Segment Start: EXTRACTED MATERIAL

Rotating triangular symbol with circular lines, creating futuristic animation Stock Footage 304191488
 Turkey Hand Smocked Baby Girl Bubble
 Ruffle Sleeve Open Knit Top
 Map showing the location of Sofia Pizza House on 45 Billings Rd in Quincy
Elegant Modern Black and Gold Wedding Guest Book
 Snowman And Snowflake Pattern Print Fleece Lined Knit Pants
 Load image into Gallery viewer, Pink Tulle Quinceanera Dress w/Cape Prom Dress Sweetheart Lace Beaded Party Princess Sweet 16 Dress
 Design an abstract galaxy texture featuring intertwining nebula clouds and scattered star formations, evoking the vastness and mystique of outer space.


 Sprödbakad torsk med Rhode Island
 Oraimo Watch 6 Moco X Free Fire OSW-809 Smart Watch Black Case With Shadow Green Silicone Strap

Segment End: EXTRACTED MATERIAL

ASSIGNED TASK -> Go through the records and gather the lines that hold "Black".

RESPONSE TO THE TASK ->
Elegant Modern Black and Gold Wedding Guest Book
 Oraimo Watch 6 Moco X Free Fire OSW-809 Smart Watch Black Case With Shadow Green Silicone Strap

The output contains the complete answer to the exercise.